Dataset items:
§ §
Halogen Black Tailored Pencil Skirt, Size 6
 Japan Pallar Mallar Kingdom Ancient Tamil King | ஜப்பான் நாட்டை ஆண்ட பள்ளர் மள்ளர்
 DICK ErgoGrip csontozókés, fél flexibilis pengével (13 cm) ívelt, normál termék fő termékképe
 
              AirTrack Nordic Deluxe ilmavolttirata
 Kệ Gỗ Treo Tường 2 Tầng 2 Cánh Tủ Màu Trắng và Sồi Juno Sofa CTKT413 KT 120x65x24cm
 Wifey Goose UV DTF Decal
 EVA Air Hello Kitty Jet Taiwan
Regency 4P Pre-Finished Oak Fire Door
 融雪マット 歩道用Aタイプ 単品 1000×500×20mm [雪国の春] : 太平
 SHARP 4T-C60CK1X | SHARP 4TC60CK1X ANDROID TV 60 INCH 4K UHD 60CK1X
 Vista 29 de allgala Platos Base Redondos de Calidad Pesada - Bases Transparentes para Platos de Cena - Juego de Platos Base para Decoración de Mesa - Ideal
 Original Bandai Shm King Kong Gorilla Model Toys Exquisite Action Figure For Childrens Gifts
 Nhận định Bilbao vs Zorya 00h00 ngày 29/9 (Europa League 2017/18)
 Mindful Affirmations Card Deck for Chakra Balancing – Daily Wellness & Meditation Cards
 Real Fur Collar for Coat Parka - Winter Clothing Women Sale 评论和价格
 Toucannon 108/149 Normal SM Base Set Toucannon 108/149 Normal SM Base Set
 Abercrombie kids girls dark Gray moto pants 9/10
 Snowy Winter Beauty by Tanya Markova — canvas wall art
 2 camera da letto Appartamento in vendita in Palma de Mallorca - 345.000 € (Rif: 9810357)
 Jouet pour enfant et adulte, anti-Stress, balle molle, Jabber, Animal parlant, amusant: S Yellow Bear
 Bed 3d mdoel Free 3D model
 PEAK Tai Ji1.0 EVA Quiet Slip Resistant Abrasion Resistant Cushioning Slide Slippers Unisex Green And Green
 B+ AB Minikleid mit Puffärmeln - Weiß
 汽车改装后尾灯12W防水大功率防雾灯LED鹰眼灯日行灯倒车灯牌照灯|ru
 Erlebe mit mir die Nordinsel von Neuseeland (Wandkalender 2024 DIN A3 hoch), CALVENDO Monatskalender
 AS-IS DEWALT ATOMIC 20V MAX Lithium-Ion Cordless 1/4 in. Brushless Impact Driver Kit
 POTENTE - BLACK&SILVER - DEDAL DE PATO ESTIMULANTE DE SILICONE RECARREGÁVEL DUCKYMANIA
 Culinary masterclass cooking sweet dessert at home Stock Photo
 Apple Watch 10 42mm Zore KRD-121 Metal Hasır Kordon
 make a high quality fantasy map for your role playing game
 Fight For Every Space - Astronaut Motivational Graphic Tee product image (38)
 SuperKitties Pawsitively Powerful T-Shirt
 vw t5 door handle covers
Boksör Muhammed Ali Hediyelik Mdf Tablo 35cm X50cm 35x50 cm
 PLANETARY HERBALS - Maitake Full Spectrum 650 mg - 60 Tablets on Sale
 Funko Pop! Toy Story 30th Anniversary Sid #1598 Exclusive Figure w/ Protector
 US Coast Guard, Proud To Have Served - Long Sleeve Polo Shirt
§ §
BRIEF: In your answer, include only the lines above starting at the line that holds "Regency 4P Pre-Finished Oak Fire Door" and ending at the line that holds "SHARP 4T-C60CK1X |", copied exactly.

RESPONSE AREA:
Regency 4P Pre-Finished Oak Fire Door
 融雪マット 歩道用Aタイプ 単品 1000×500×20mm [雪国の春] : 太平
 SHARP 4T-C60CK1X | SHARP 4TC60CK1X ANDROID TV 60 INCH 4K UHD 60CK1X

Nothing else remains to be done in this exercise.